程序不可能一下子jmp到1536,所以这个地方明显是混淆代码,程序能够执行而 decompyle6 却不能反编译,只要我们读懂这个地方的逻辑并且修改字节码,就能顺利反编译。

0x64 操作为LOAD_CONST,用法举例:LOAD_CONST 1 HEX: 640100
0x71 操作为JUMP_ABSOLUTE,用法举例:JUMP_ABSOLUTE 14 HEX: 710e00
0x65 操作为LOAD_NAME,用法举例:LOAD_NAME 1 HEX: 650100
...

file

python的字节码都是以 opcode + arg 的形式呈现的。

根据上方的字节码对照表我们能够猜出整个程序逻辑是从 0x1e 开始的。 '/x97/x00/x00/x00' 则是字节码的长度。

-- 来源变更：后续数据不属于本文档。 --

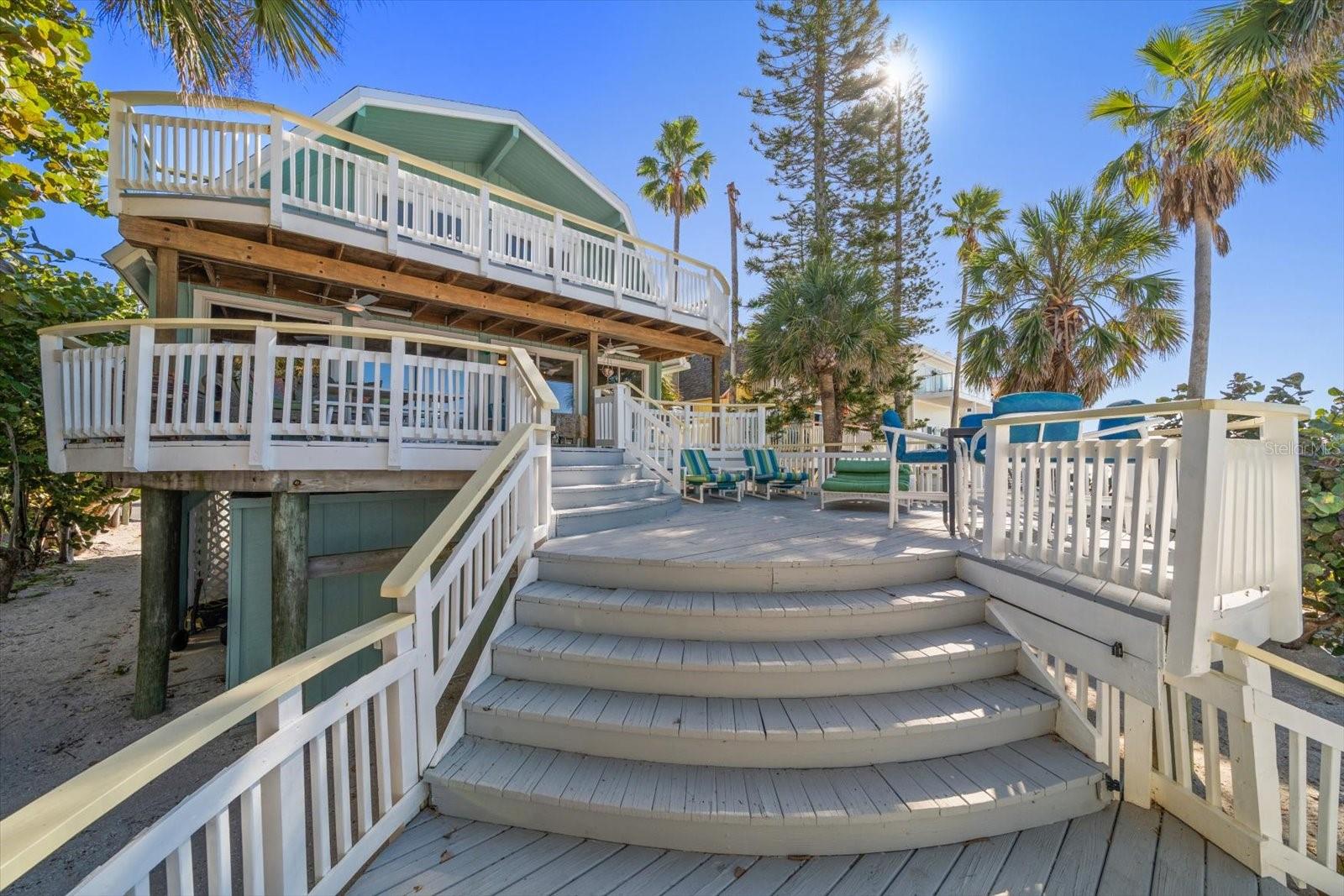 8640 W GULF Blvd TREASURE ISLAND, FL 33706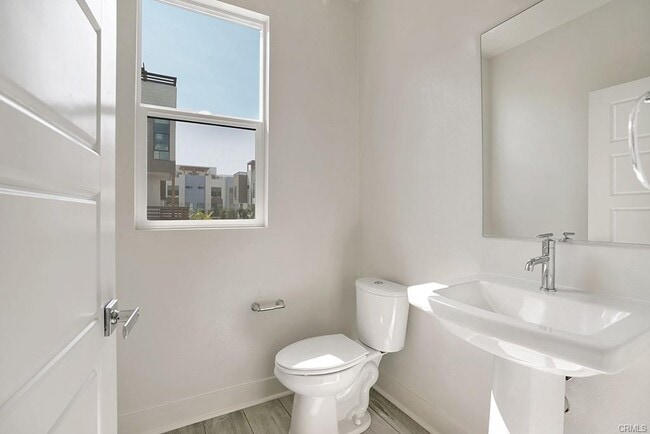 Photo - 683 W 17th St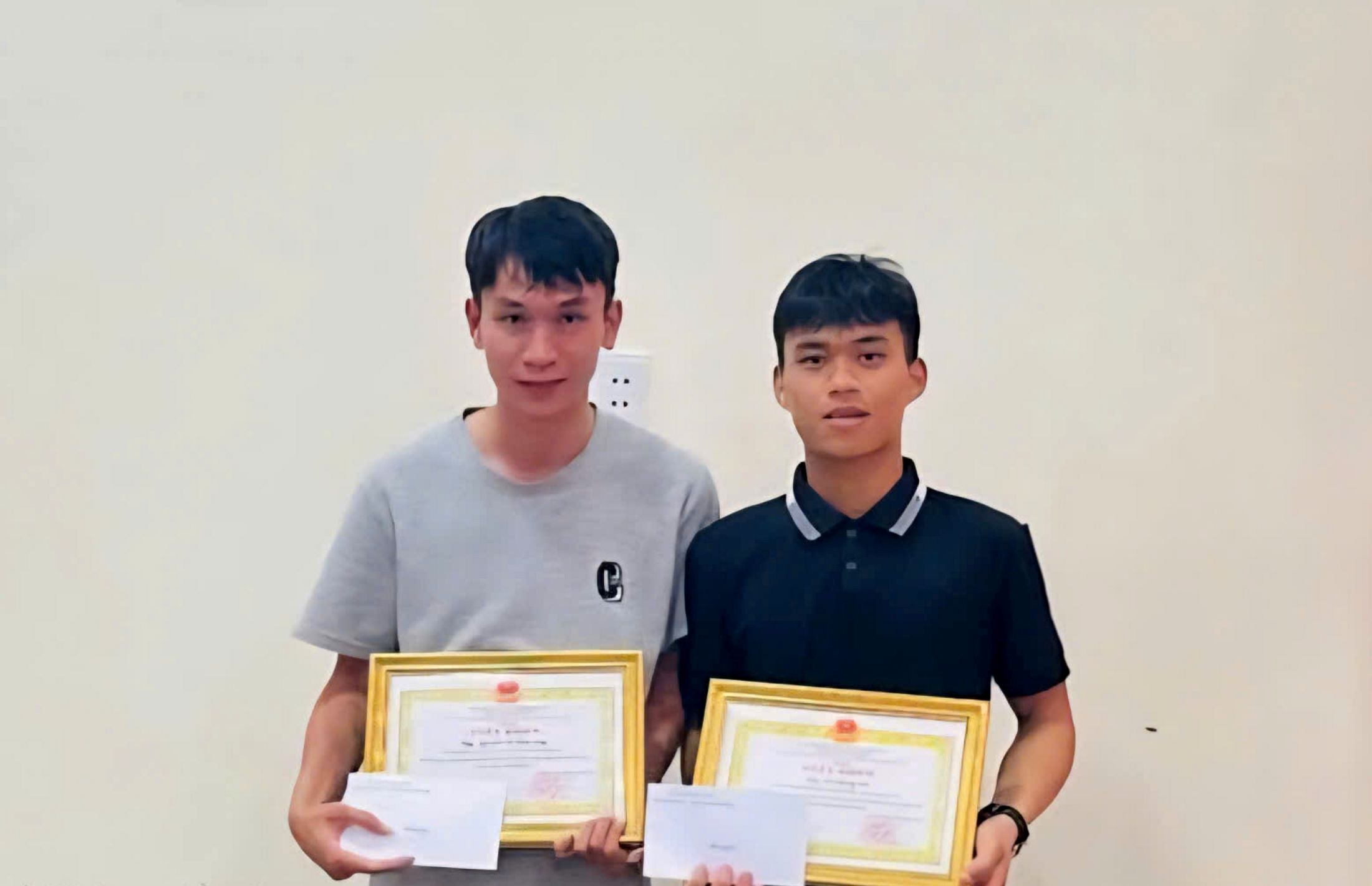 Dos jovenes que rescataron a una mujer que saltaba del rio para suicidarse son recompensados por su valentia. Foto: H.Nguyen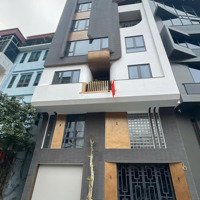 Cho Thuê Nhà Phân Lô Tại Dịch Vọng- Cv Cầu Giấy. Diện Tích: 98 M * 4 Tầng . Mt: 8 M. Chia Phòng. Giá Bán 30 Triệu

0x26 至 0x28,本来程序本意是要从表中读取常量(Load_Const 0),但程序因为混淆代码的关系翻译有误。我们只需要去掉这之前的代码即可。

即:去掉0x1e-0x25 共8个字节

字节码表长度初始值为 0x97(大端序)

0x97 - 8 = 0x8f

with open('a.pyc','r') as f:
    dt = f.read()

# 其他pyc也可用类似的方法进行去混淆
data = dt[:0x1a]+'\x8f\x00'+dt[0x1c:0x1e] + dt[0x26:]
with open('out.pyc', 'w') as ff:
    ff.write(data)

接下来就是 uncompyle6 一把梭

# uncompyle6 version 3.6.2
# Python bytecode 2.7 (62211)
# Decompiled from: Python 2.7.12 (default, Apr 15 2020, 17:07:12) 
# [GCC 5.4.0 20160609]
# Embedded file name: pyCharm.py
# Compiled at: 2020-06-15 21:23:54
import base64
a = 'YamaNalaZaTacaxaZaDahajaYamaIa0aNaDaUa3aYajaUawaNaWaNajaMajaUawaNWI3M2NhMGM='
flag = raw_input('Are u ready?')
c = base64.b64encode(flag)
d = list(c)
for i in range(0, 32):
    d[i] += 'a'

ohh = ('').join(d)
if ohh == a:
    print 'great!waht u input is the flag u wanna get.'
else:
    print 'pity!'
# okay decompiling out.pyc

程序逻辑十分简单,去掉字符串中的'a'并且base64解码即可。

brainbreaker

题目中有反调,patch一下即可

main函数不能直接f5,也需要patch一下修一下栈才能继续,不过翻译出来的伪代码有点问题。

就是一个简单的线性变换题。

本来可以z3一把梭的,不过不知道为啥解出来结果不太对,先放着,以后解决。

from z3 import *

a1 = [BitVec('flag%d' % i,9) for i in range(100)]
s = Solver()
a1.reverse()

result = [0xFA,0x2B,0x94,0xEA,0x63,0xA8,0xC4,0x13,0x84,0xE7,0xA7,0xDA,0xD4,0x2D,0xAE,0xBE]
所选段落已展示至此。